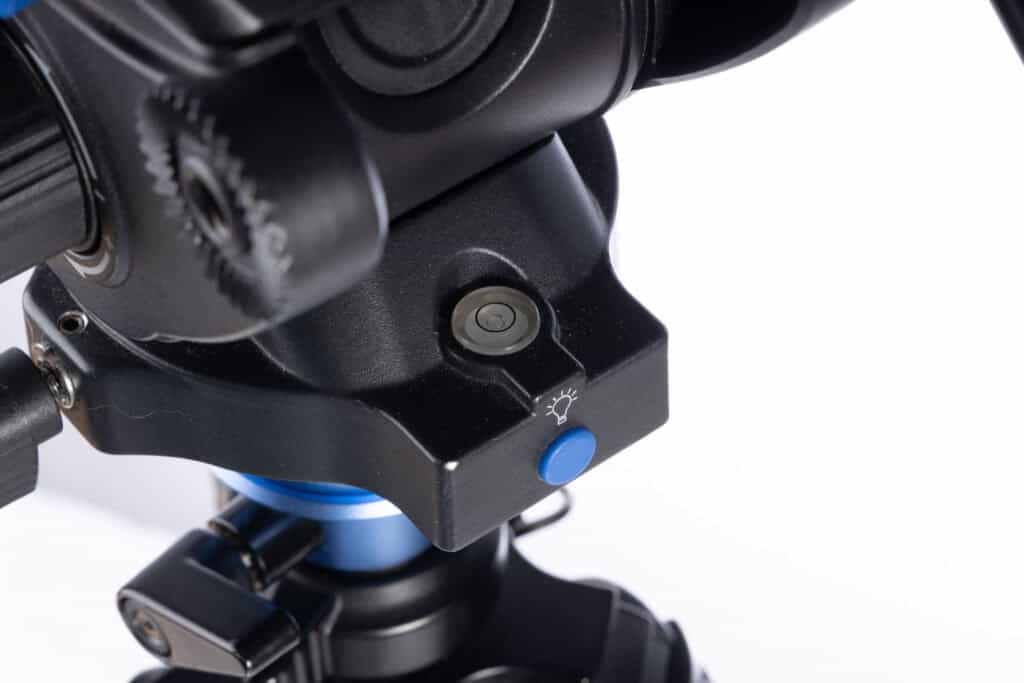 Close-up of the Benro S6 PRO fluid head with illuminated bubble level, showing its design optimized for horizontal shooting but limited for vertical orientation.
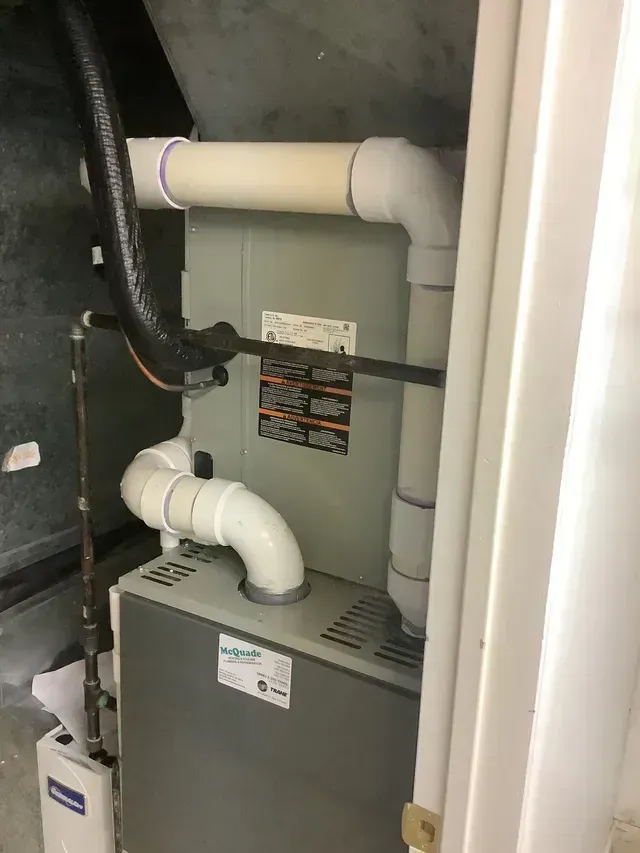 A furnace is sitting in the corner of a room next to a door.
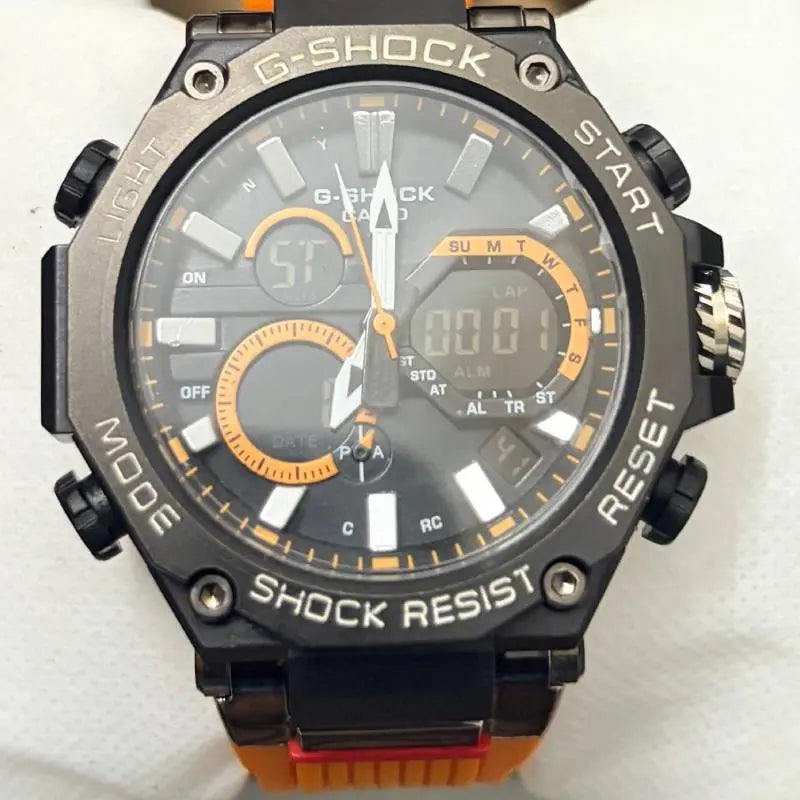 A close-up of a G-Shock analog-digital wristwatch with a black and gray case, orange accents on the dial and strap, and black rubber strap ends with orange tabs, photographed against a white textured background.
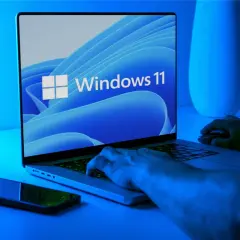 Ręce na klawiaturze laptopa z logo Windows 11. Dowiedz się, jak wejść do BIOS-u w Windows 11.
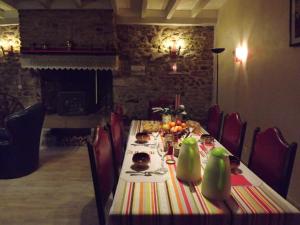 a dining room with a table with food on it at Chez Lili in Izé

──────

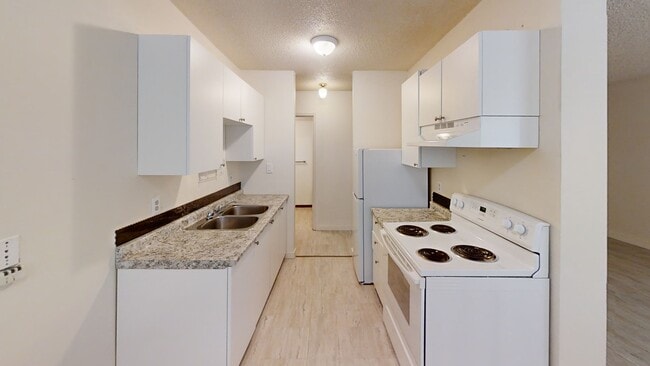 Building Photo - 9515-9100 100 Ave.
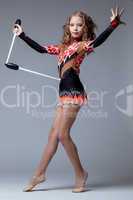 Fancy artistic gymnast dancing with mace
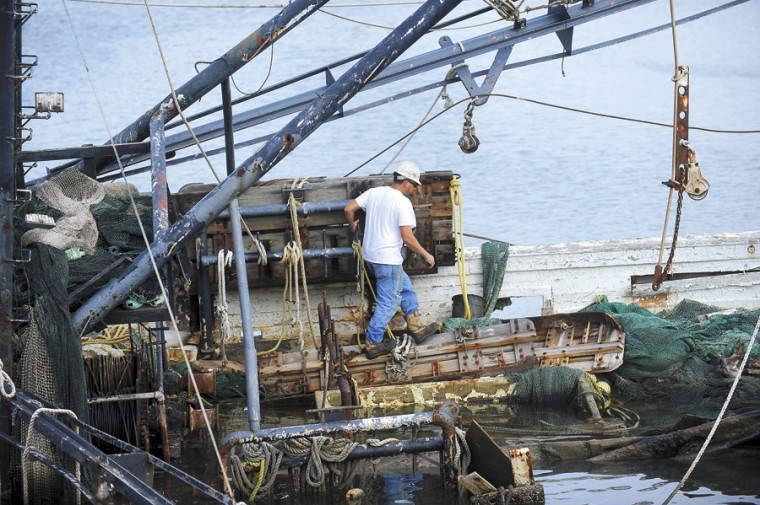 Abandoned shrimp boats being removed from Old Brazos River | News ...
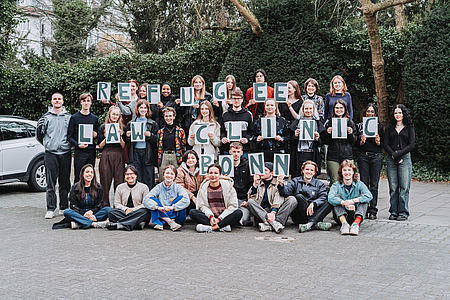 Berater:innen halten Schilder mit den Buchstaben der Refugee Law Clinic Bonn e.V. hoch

──────

Task objective:
Copy the lines above between the one holding "Close-up of the" and the one holding "A furnace is", inclusive. Drop the pictures.

Exercise answer:
 Close-up of the Benro S6 PRO fluid head with illuminated bubble level, showing its design optimized for horizontal shooting but limited for vertical orientation.
 A furnace is sitting in the corner of a room next to a door.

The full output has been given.